The goal of online CPD in this context is to update at each new time interval the CPD factors using the factors estimated previously without performing the CPD of the whole.
Figure 1.
Example of a sub-tensor.
In the literature, some online CPD algorithms exist. For example, in [23], the authors introduced two adaptive algorithms: simultaneous diagonalization tracking (SDT) which tracks the SVD of the unfolded tensor and recursive least squares tracking (RLST). In [24], grid-based tensor factorization algorithm (GridTF) is introduced for the large tensor. Also, in [25] authors proposed OnlineCP based on ALS algorithms. In [26] authors introduced an online Tucker decomposition with a fixed rank. This list is not exhaustive, and more online algorithms can be found in [27].

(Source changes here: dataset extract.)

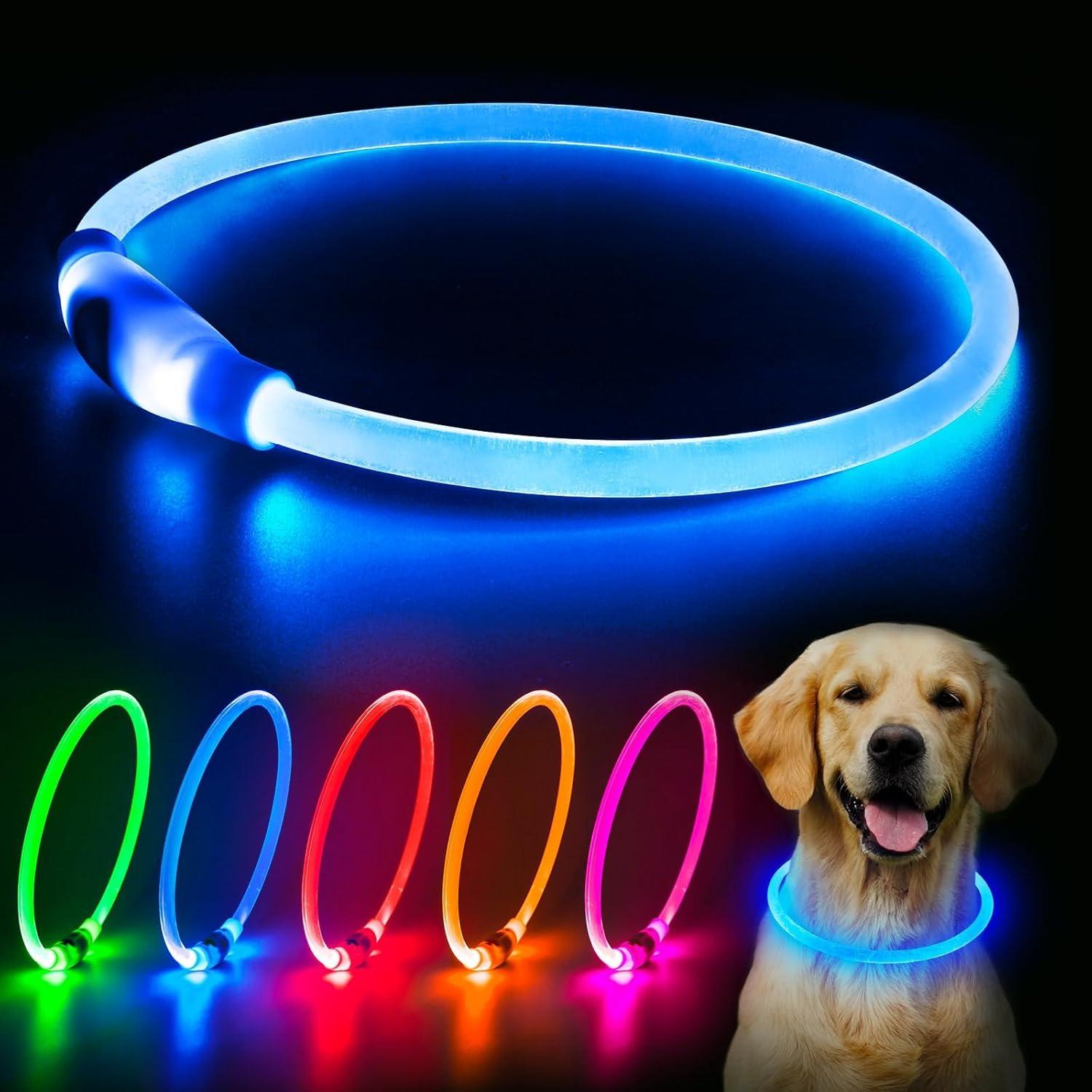 Flashseen LED Dog Collar, USB Rechargeable Glowing Lighted Up Collar, Cuttable Water-Resistant TPU Safety Collar Lights for Small Medium Large Dogs синий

For the rest of the chapter, we propose an approach based on sparse dictionary learning to compute the CPD with sparsity, nonnegativity, and orthogonality constraint. These constraints permit to handling unknown rank variation over time and the better convergence. Considering the most general case, we make no assumptions about these variations. The goal of the proposed approach is to combine dictionary learning with LASSO [28] in a simple but appropriate way for nonnegative online CPD. We have selected the factors of the two fixed modes from two dictionaries which are learned and updated throughout the online process. The appropriate number of vectors is selected from a sparsity constraint on the two atoms matrices (i.e., the CPD rank). We derived from this solution three different algorithms (one for offline CPD and the rest for online CPD). They differ in the way that the dictionaries are updated from one sub-tensor to another. Next, we propose an experiment semi-controlled to obtain real fluorescence data online with rank variations. We provide out an evaluation od our approaches with the state of the art.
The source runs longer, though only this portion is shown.